The session recognized that there are many instances where directors will have relationships or interests in connection with the matter before the board that differ from stockholders generally, but these directors may nonetheless have knowledge or expertise that is important to the matter being considered by the board and how in such situations the key is to assure that these directors are not dominating the process.

The session explored how the dynamic nature of the scope of technology companies and their strategic plans often leads to overlaps between entities that were not foreseeable only a short time earlier. The session highlighted the importance of disclosing these relationships to the full board as far in advance as possible so that the legal department at the corporation may take appropriate action to assure these conflicts are managed in a way that preserves the integrity of the board processes and disclosed to stockholders where material. The session then discussed the interplay between the need to discover and disclose this information to stockholders and the developing jurisprudence in the Delaware courts that permits claim extinguishment as a result of a fully informed, uncoerced stockholder vote.

The session continued with a discussion about the ways in which capital structures associated with start-ups and venture capital funding can create conflicts of interest. Members of the panel debated protections for equity from prior rounds that might be squeezed out later in a down round.

The session concluded by discussing the criteria for good special committee processes and how these criteria vary depending on the nature of the conflict that the special committee process is formed to avoid or overcome and the type of transaction or determination that the special committee will be addressing.

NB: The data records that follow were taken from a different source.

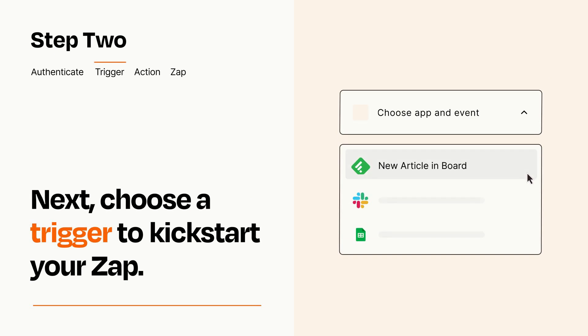Now let's set up your trigger, which is the event that starts your Zap. Pick the trigger event that you want from the list.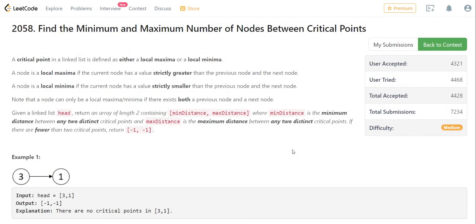Hello guys, welcome back to the channel. In this video we are going to solve the second problem of weekly contest 265, that is 'Find the Minimum and Maximum Number of Nodes Between Critical Points'. I'll quickly read the question and then we will see how to approach this problem.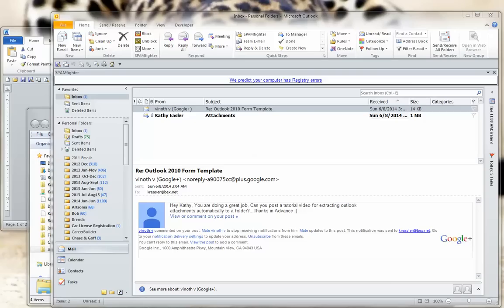Hello. The purpose of this video is to respond to a viewer of my Outlook 2010 form template on YouTube — it's a training video. He or she made a comment asking me to post a tutorial video for extracting Outlook attachments automatically to a folder.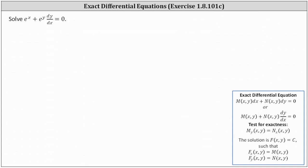We want to solve the differential equation e to the x plus e to the y, dy/dx equals zero. If we take a look at our notes below, it is in the form of an exact differential equation. However, we don't know it's exact until we determine if the partial of M with respect to y equals the partial of N with respect to x.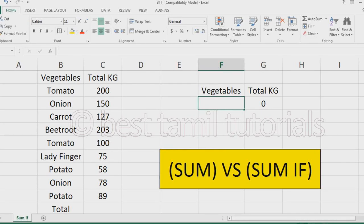Hello everyone. In this video, we are going to see how SUM and SUMIF are different. The SUM formula and SUMIF formula are not the same. If you don't have any useful information about these, let's see how they are useful.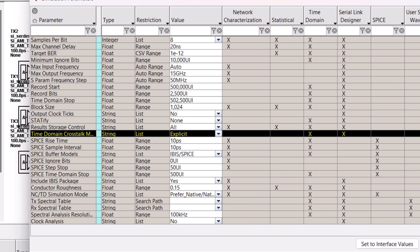When in explicit mode, all channels in the system are simulated simultaneously in the time domain. This means that the waveform at the receiver is the combined result of the victim channel and the crosstalk aggressors.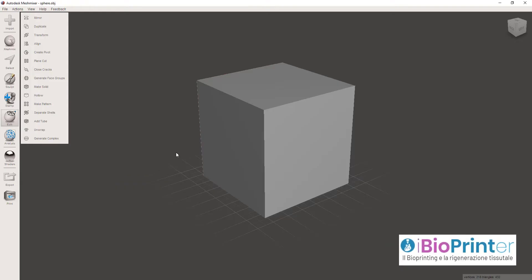Salve a tutti e benvenuti su ibioprinter.me. Io sono Luca Borro, sono un 3D specialist, mi occupo in particolare di bioprinting e quindi di ricerca in ambito di rigenerazione tessutale e sono l'autore di ibioprinter.me.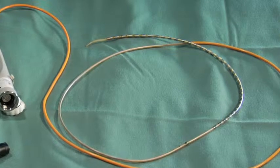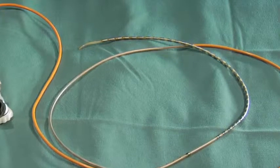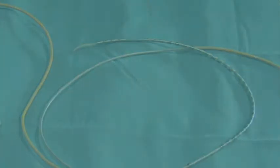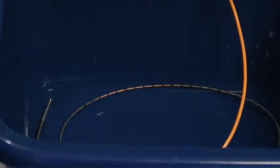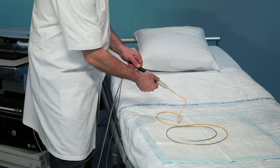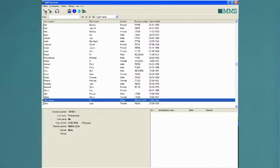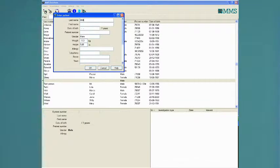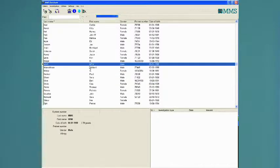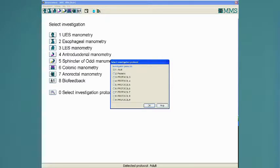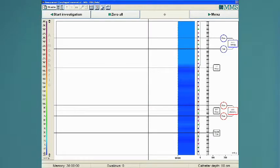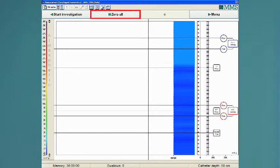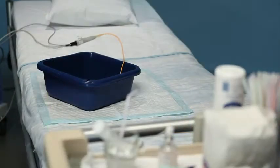We will now explain this procedure. Put the catheter in water to pre-wet. Connect the catheter to the system. Start the MMS software program to enter the patient demographic information. Select the investigation protocol and start the examination. Zero the channels of the catheter.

The session deliberated about:

  • the appropriate timing for putting a special committee in place,
  • how to evaluate the adequacy of the independence of the directors appointed to the committee,
  • the proper scope of the mandate of a special committee in different situations,
  • the role of the financial advisor to the special committee,
  • the role of inhouse counsel in connection with a special committee,
  • the potential differences between in-person and telephonic meetings from a fiduciary duty perspective, and
  • the optimal approach to the preparation of minutes.